There was nothing to be done. "See you later," we said, and carried on, for we knew that the Spider Web would bring us back again to the same place, and we reasoned that the Commander of the submarine would say, "Here she comes, and there she goes," and would come to the surface shortly. There was no use waiting around the vicinity, for before Fritz came up he would search the air with a "sky-scraping" periscope, a periscope with the lenses so arranged that the whole arc of the heavens could be viewed.
Pushing on we sighted the Schouen Bank buoy in the distance through binoculars, and turned north up the Dutch coast.
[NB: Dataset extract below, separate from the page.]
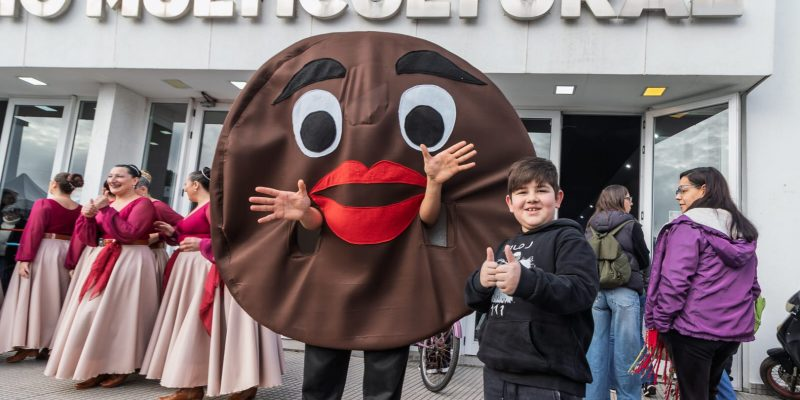 La Municipalidad de La Costa informó que la 12° Fiesta Provincial del Alfajor Costero reunió a más de 15.000 personas, lo que consolidó la convocatoria como un éxito rotundo. 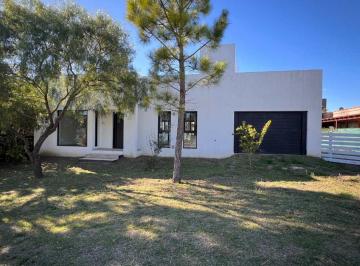 Casa · 130m² · 5 Ambientes · 3 Cocheras · Venta Casa a Estrenar 3 Dorm. en Bela Vista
On the next two legs of the patrol, more or less parallel with the shore, we broke out the package of sandwiches and broached the thermos flask, taking this opportunity of having a drop of early lunch. Then after steering various courses as requisite, we again approached the position where the submarine had been first sighted.
She was sighted again three miles on the port bow, fully blown, her engines stopped, and the crew on deck enjoying a breath of fresh air. But now we were near enough to recognise her as of the U-B class, from the one gun mounted close before the conning-tower, the deck sloping down aft to the stern where it was awash, and the net-cutter mounted above the stem.
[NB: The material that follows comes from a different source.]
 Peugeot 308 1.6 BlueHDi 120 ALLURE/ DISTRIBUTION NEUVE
As we burst on towards the U-boat full out at a height of six hundred feet we could see puffs of smoke coming from the conning-tower. The crew were firing at us with a pom-pom.
And then I lost sight of the submarine.
But Holmes in the front cockpit, with his view unobstructed by the hull of the boat, could still see the submarine and guided me by hand signal.
Keeping my eyes in the boat, watching the cross level to keep on an even keel, the air-speed indicator to keep to a steady speed, and the eloquent hand—for under these circumstances the hand almost seems to talk—to make small adjustments in the course, I waited. For, to do good bomb-dropping the boat must pass on a line vertically over the submarine, on an even keel, and at a constant speed.
As the sights came on Holmes pulled the release-lever, which dropped all the bombs in quick succession, threw up his arm to show that he had done so, and then, leaning far over the side, saw the four bombs travelling forward and downward and burst on a line diagonally across the submarine.
When the dunt of the first explosion shook the flying-boat I heaved her over on one wing-tip, so that I could look down and back, and saw a line of foam completely across the submarine, so closely had the bombs fallen together. And then, getting into a side slip, I had to attend to my flying duties. The engineer saw the submarine heel over to port and disappear with men still on the conning-tower.
At ten o'clock I landed Old '61 on the harbour, and not knowing whether the submarine had been sunk or only damaged, I immediately sent out another boat. An hour later, piloted by Billiken, I again pushed out on patrol, but returned without having seen any signs of the U-boat, having put in during the day nine hours and fifteen minutes in the air.